2023年5月30日火曜日

「鷲田清一折々のことば」2660を読んで

2023年2月19日付け朝日新聞朝刊、「鷲田清一折々のことば」2660では 18世紀の啓蒙思想家・ルソーの『エミール(中)』から、次のことばが取り上げられています。    人間を社会的にするのはかれの弱さだ。 そうです。きっと人間がもし弱みを持たない、絶対的な自信に包まれた存在であるなら、彼は 他人の助けなど求めないし、我が道を進むことを選ぶでしょう。 でも人間がそのような完璧な存在ではないから、社会性が生まれ、人類が発展して来たのも 間違いありません。
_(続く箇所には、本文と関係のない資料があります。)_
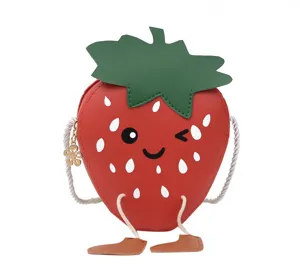 Close-up details of the cute strawberry shoulder bag with winking face and playful dangling legs.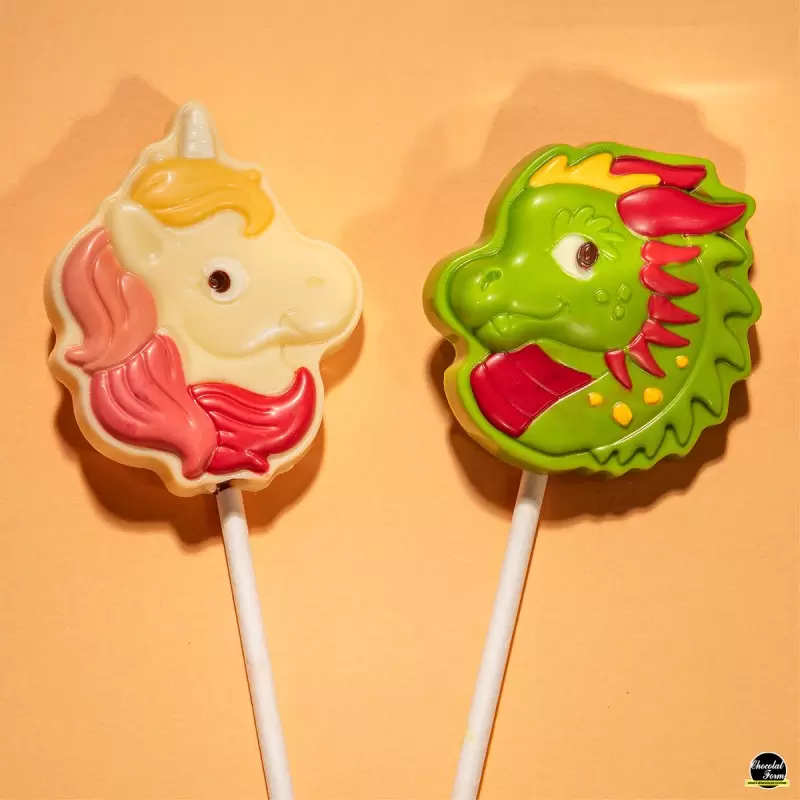 Polycarbonate Dragon Lollipop Chocolate Mold - 55mm x 50mm x h 12mm - 20gr - 5 cavity Polycarbonate Dragon Lollipop Chocolate Mold - 55mm x 50mm x h 12mm - 20gr - 5 cavity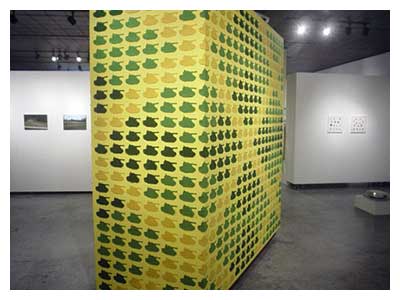 lisa solomon art - synchronized tanks -green and yellow tanks installed at Women and their Work, Austin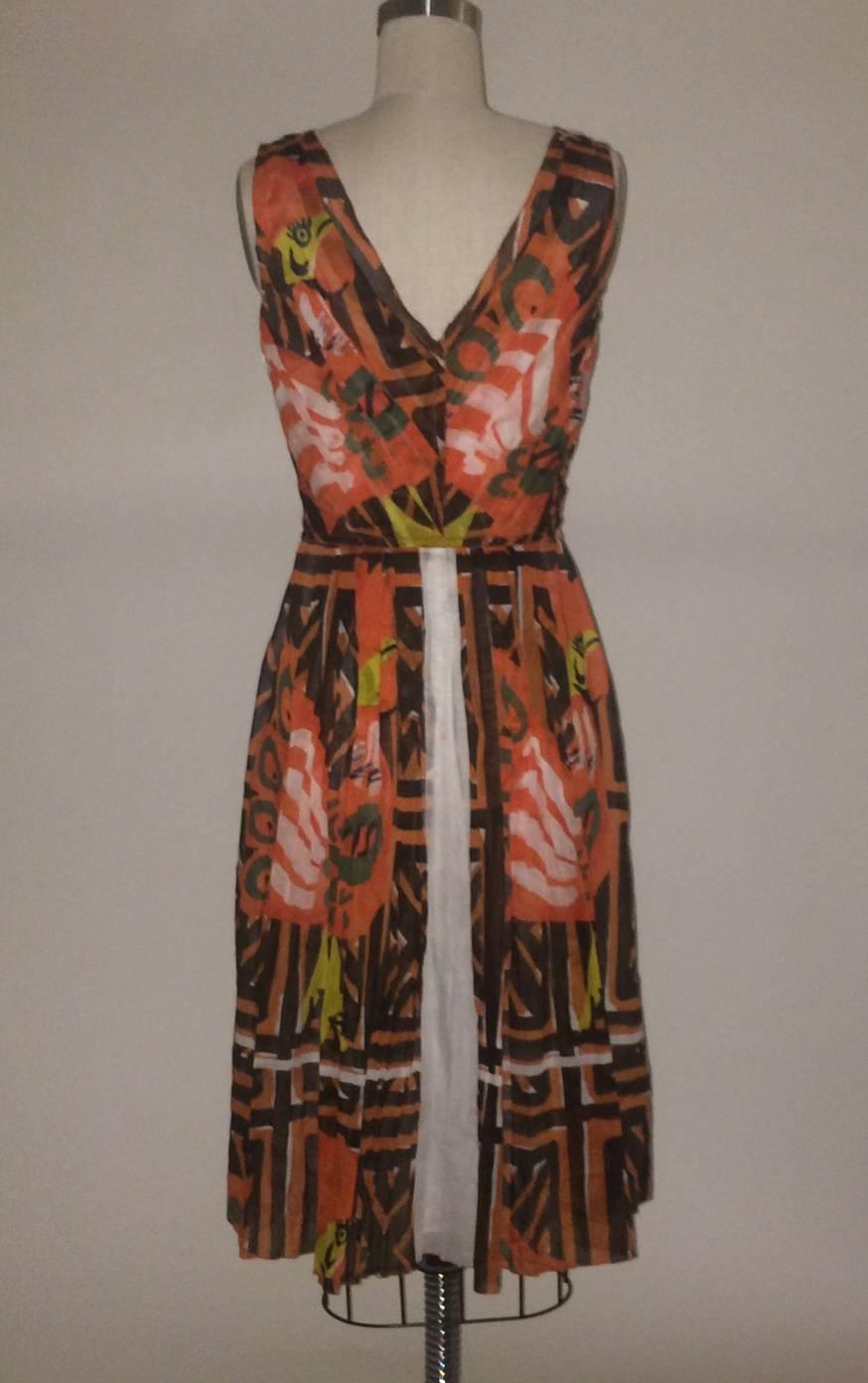 Prada orange pleated cotton dress with brown, white, green and yellow tribal print throughout. V neck at front and back. Side zip, fully lined, reinforced with grosgrain at waist and side zip.

100% cotton.

Made in Italy.

Size It 40,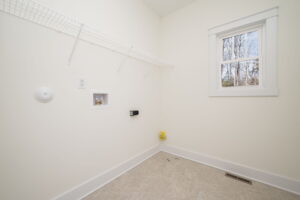 Empty laundry room with white walls, a wire shelf, a window, and plumbing hookups for a washer and dryer.
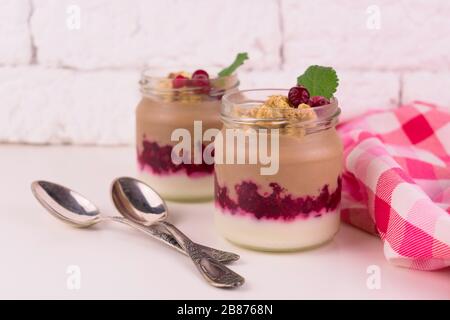 Zwei Portionen Schoko-Vanille-Pudding mit Beeren und einem Glas auf weißem Hintergrund. Stockfoto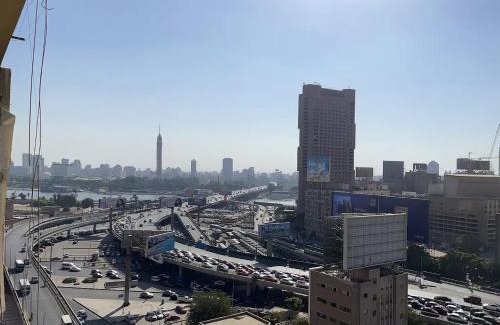 Qasr an-Nil Apartamento | Cozy bedroom overlooking downtown & the Nile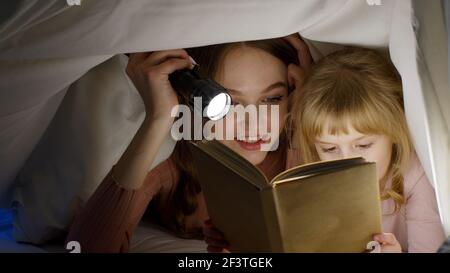 Young mother reading goodnight story fairytale to child daughter under duvet blanket in night room Stock Photo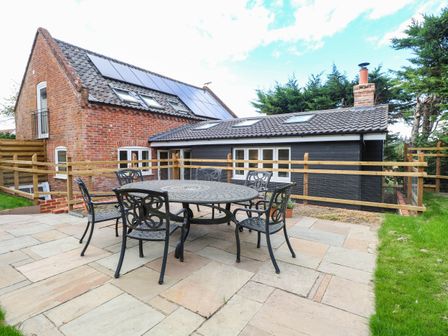 A patio area with a table and chairs at Bramley Cottage in Worlingham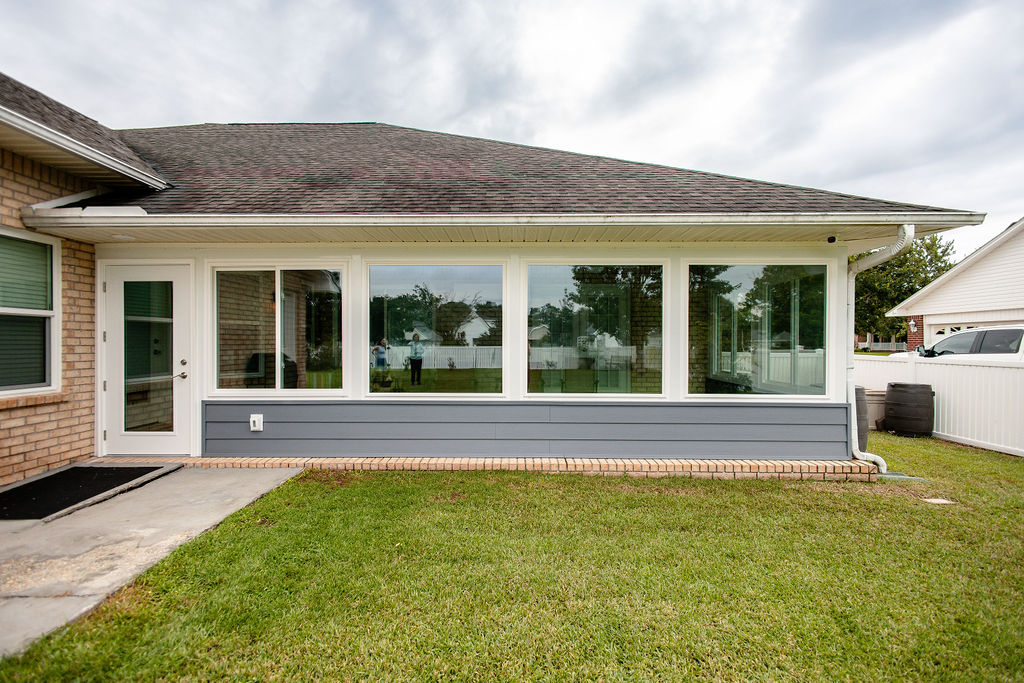 LatashaCarrawayPhotographyH.-9053 porch enclosure installed by Hometown Contractors in July 2026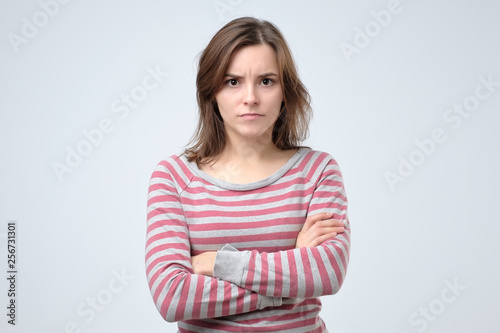 Young serious european woman portrait looking with irritation at camera.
弱いからこそつながり、助け合い、高度な文明を築き上げて来たのです。 ところが、複雑な社会化が成し遂げられた最近になって、私たち現代人は、個人的にも万能感 とでもいうような思い上がりの感覚に囚われて、全てのことを自ら1人で決定し、遂行している ような幻想に陥り勝ちになっているのではないでしょうか? これは、社会生活のあらゆる場面で、機械化や情報化がすすんで、表面的には自分が能動的に 係わりたいと考える多くのこが達成可能となり、必要とする情報が直ぐに入手出来るように なったことに起因すると思われますが、実際にはそれは社会生活全体の中のほんの上皮の部分 でのことに過ぎないのに、私たちは得てしてその感覚に囚われて、驕りの気分に浸されてしまう のだと思われます。 大切なことは、自分が弱い存在であることを自覚すること、その上で多くの人の助けによって 自分の生活が初めて成り立っていることを意識して、社会活動を営むことだと思われます。